Like any Fuzz Face-style stomp worth its fizz, the Fuzz Phrase Si is silly simple. The gain knob generally sounds best at maximum, though mellower settings make clean sounds easier to source. The output volume control ranges to speaker-busting zones. But there’s also a cool internal bias trimmer that can summon thicker or thin and raspy variations on the basic voice, which opens up the possibility of exploring more perverse fuzz textures. The Fuzz Phrase Si’s pedal-to-the-metal tones—with guitar volume and pedal gain wide open—bridge the gap between mid-’60s buzz and more contemporary-sounding silicon fuzzes like the Big Muff. And guitar volume attenuation summons many different personalities from the Fuzz Phrase Si—from vintage garage-psych tones with more note articulation and less sustain (great for sharp, punctuated riffs) as well as thick overdrive sounds.
If you’re curious about Fuzz Face-style circuits because of the dynamic response in germanium versions, the Fuzz Phrase Si performs better in this respect than many other silicon variations, though it won’t match the responsiveness of a good germanium incarnation. For starters, the travel you have to cover with a guitar volume knob to get tones approaching “clean” (a very relative term here) is significantly greater than that required by a good germanium Fuzz Face clone, which will clean up with very slight guitar volume adjustments. This makes precise gain management with guitar controls harder. And in situations where you have to move fast, you may be inclined to just switch the pedal off rather than attempt a dirty-to-clean shift with the guitar volume.
“The best clean-ish tones come via humbuckers and a high-headroom amp with not too much midrange, which makes a PAF-and-black-panel-Fender combination a great fit.”
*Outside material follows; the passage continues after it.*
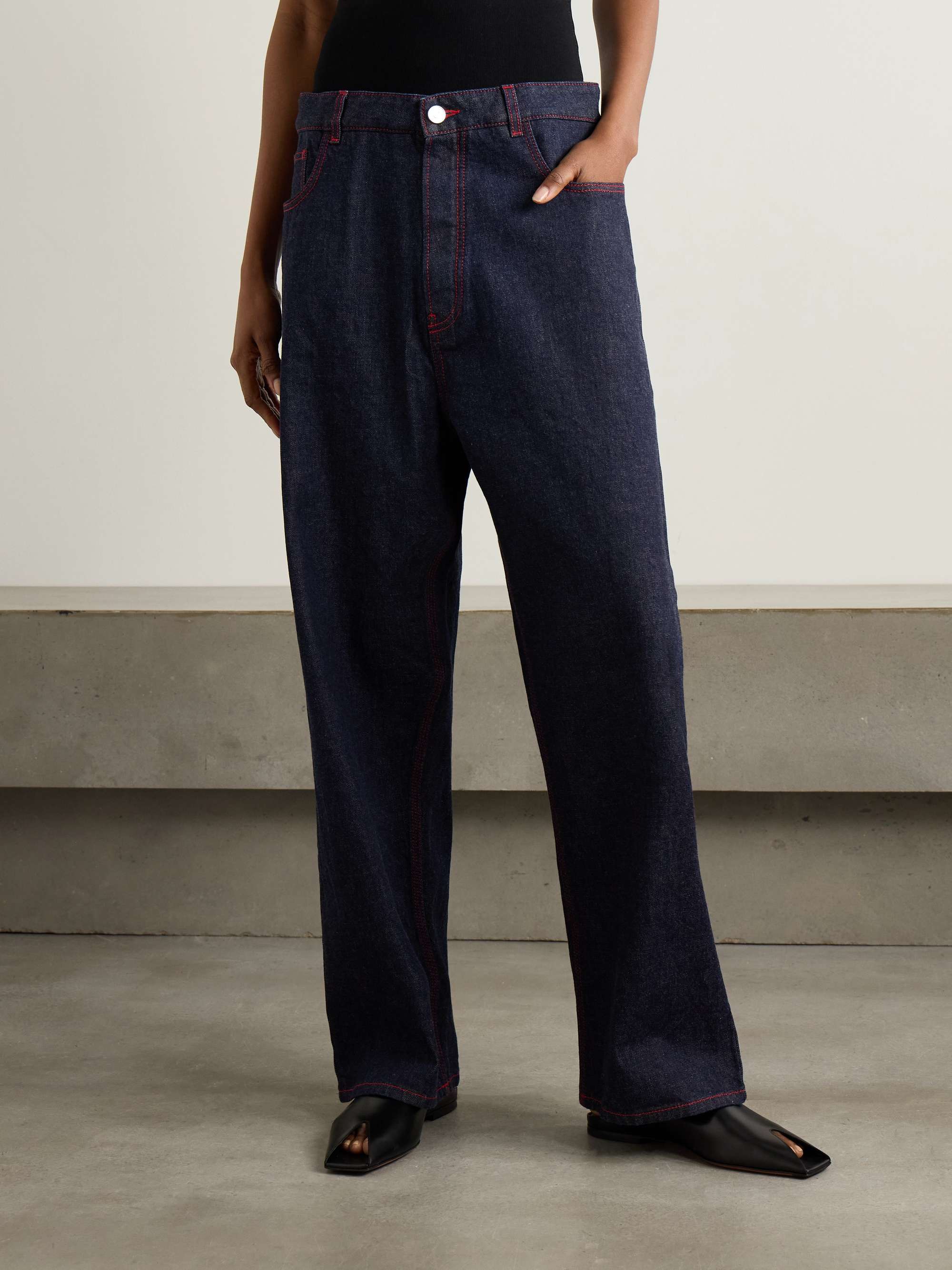ALAÏA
The best clean-ish tones come via humbuckers and a high-headroom amp with not too much midrange, which makes a PAF-and-black-panel-Fender combination a great fit if you’re out to extract maximum dirty-to-clean range. You don’t need to attenuate your guitar volume as much with the PAF/black-panel tandem, and you can get pretty close to bypassed tone if you reduce picking intensity and/or switch from flatpick to fingers and nails. Single-coil pickups make such maneuvers more difficult. They tend to get thin in a less-than-ideal way before they shake the dirt, and they’re less responsive to the touch dynamics that yield so much range with PAFs. If you’re less interested in thick, clean tones, though, single-coils are a killer match for the Fuzz Phrase Si, yielding Yardbirds-y rasp, quirky lo-fi fuzz, and dirty overdrive that illuminates chord detail without sacrificing attitude. Pompeii tones are readily attainable via a Stratocaster and a high-headroom Fender amp, too, when you maximize guitar volume and pedal gain. And with British-style amps those same sounds turn feral and screaming, evoking Jimi’s nastiest.
The Verdict
Like every JAM pedal I’ve ever touched, the JAM Fuzz Phrase Si is built with care that makes the $229 price palatable. Cheaper silicon Fuzz Face clones may be easy to come by, but I’m hard-pressed to think they’ll last as long or as well as the Greece-made Fuzz Phrase Si. Like any silicon Fuzz Face-inspired design, what you gain in heat, you trade in dynamics. But the Si makes the best of this trade, opening a path to near-clean tones and many in-between gain textures, particularly if you put PAFs and a scooped black-panel Fender amp in the mix. And if streamlining is on your agenda, this fuzz’s combination of simplicity, swagger, and style means paring down pedals and controls doesn’t mean less fun.